これが実話なのか、それとも後代の人によって作り上げられたファーブル伝説なのか、その辺は定かではありません。けれども、コオロギの音は聞き逃しても、コインの音は聞き逃さないという人間の心理はよく分かる気がするのです。

神様は、日々、私たちにいろいろな形で、いろいろな方法で語りかけてくださっています。特に、神様はイエス・キリストを通して、《大いなる救い》(3節)を語りかけてくださった。その神様の語りかけをしっかりと聞き、心に受け止めつつ生きること、それが信仰生活だというお話しをしたのです。

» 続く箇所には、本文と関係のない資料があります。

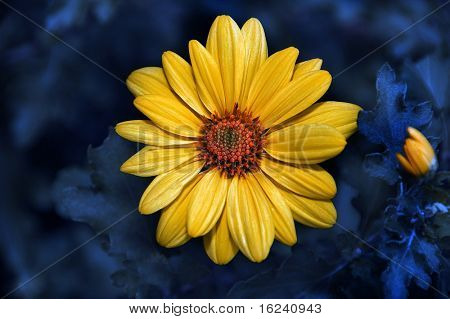 เดซี่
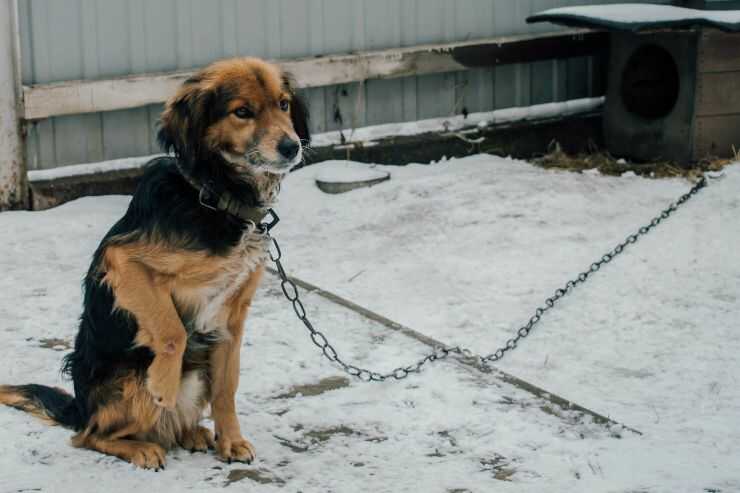 In Sardegna è legale tenere il cane alla catena?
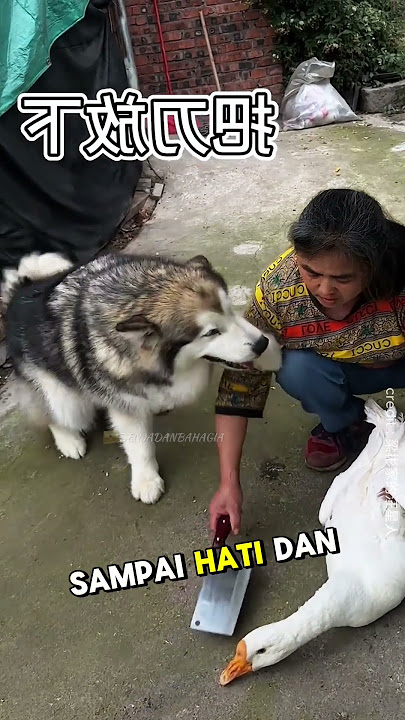Anjing Tak Mau Teman Angsanya Disembelih! 🥺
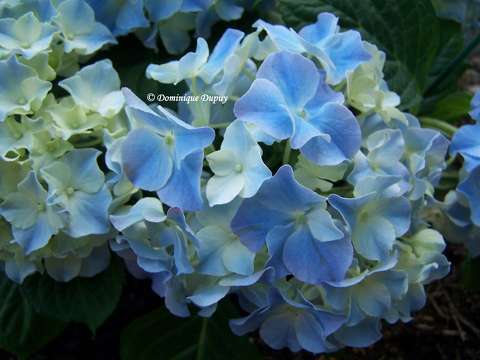Hortensia bleu
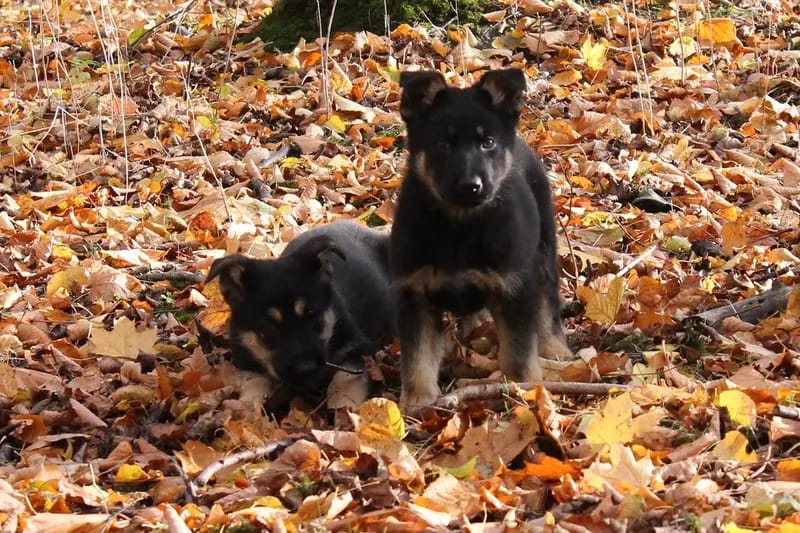 Zuchtstätte für Deutsche Schäferhunde "vom Tatzelwurm" gallery image 3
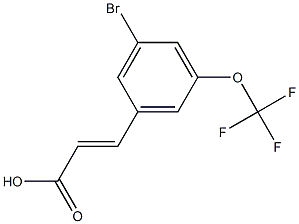 (E)-3-(3-bromo-5-(trifluoromethoxy)phenyl)acrylic acid Structure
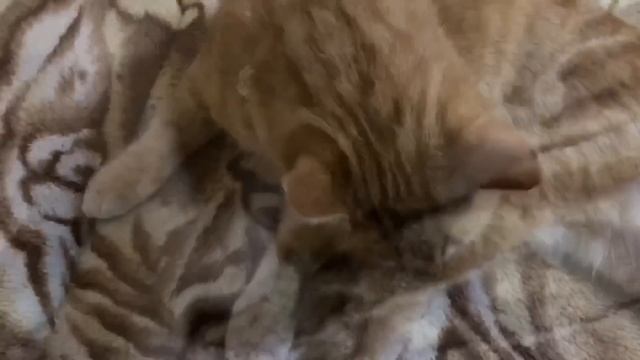 УРАЛЬСКАЯ ВРУНЬЯ! СКАЗКА ПРО КОШКУ. ОЛЬГА УРАЛОЧКА LIVE. смотреть онлайн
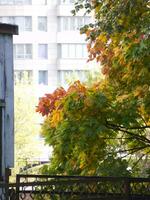 bunt Herbst Blätter auf das Baum Über das Zaun foto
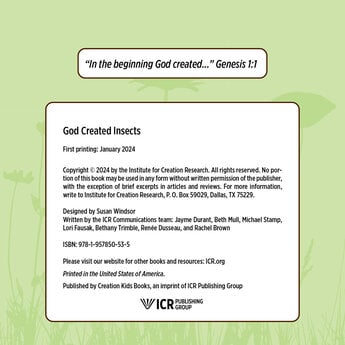 God Created Insects - Download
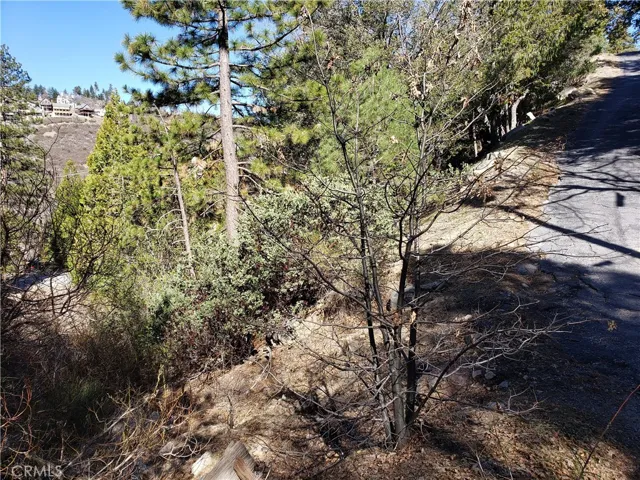 985 Brentwood Drive, Lake Arrowhead, California 92352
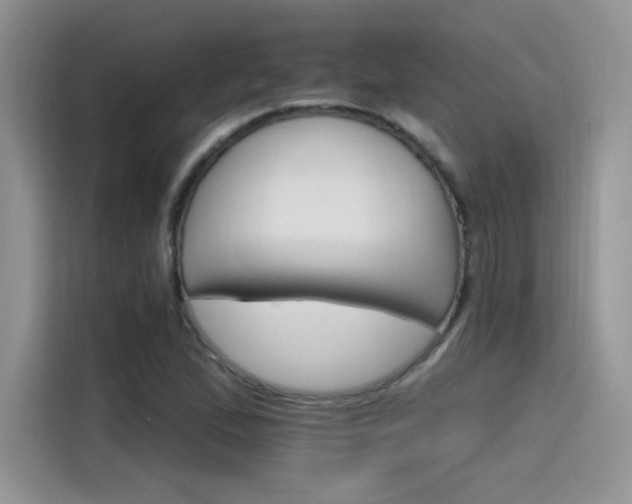 X0000115651167200911171436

そうしますと、私たちに大切なことは、神様からの音ずれを、どんな小さなことでも聞き逃さない良い耳をもつということだと思うのです。良い耳というのは、ファーブルの話でも分かりますように、私たちの心の関心がどこに向かっているかということによって作られます。私たちの心が、いつも神様のことを考え、求めているならば、どんな小さな神様の語りかけをも聞き逃さない良い耳を持つことができるでありましょう。しかし、私たちの心が世の富、誉れ、力に関心を持ち、常にそれを追い求めているならば、いくら神様が語りかけてくださっても、それは自分の思いやこの世の喧噪にかき消されてしまって、何一つ聞くことができない耳になってしまうのです。神様からの音ずれを聞くことができる良い耳を持つこと、それが大事なのです。